# AIM OF THE EXERCISE
Find and copy the lines in the records beneath this task that contain the word "image".
---------- PROVIDED ENTRIES
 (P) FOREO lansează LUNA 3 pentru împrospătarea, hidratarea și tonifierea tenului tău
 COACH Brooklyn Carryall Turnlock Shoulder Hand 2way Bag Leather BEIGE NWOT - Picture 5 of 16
--------------------
---------- PROVIDED ENTRIES
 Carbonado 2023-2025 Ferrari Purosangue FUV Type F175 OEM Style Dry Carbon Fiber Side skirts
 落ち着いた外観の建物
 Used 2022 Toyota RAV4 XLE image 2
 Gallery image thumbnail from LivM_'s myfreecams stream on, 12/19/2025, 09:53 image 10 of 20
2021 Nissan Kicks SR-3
--------------------
# ANSWER
 Used 2022 Toyota RAV4 XLE image 2
 Gallery image thumbnail from LivM_'s myfreecams stream on, 12/19/2025, 09:53 image 10 of 20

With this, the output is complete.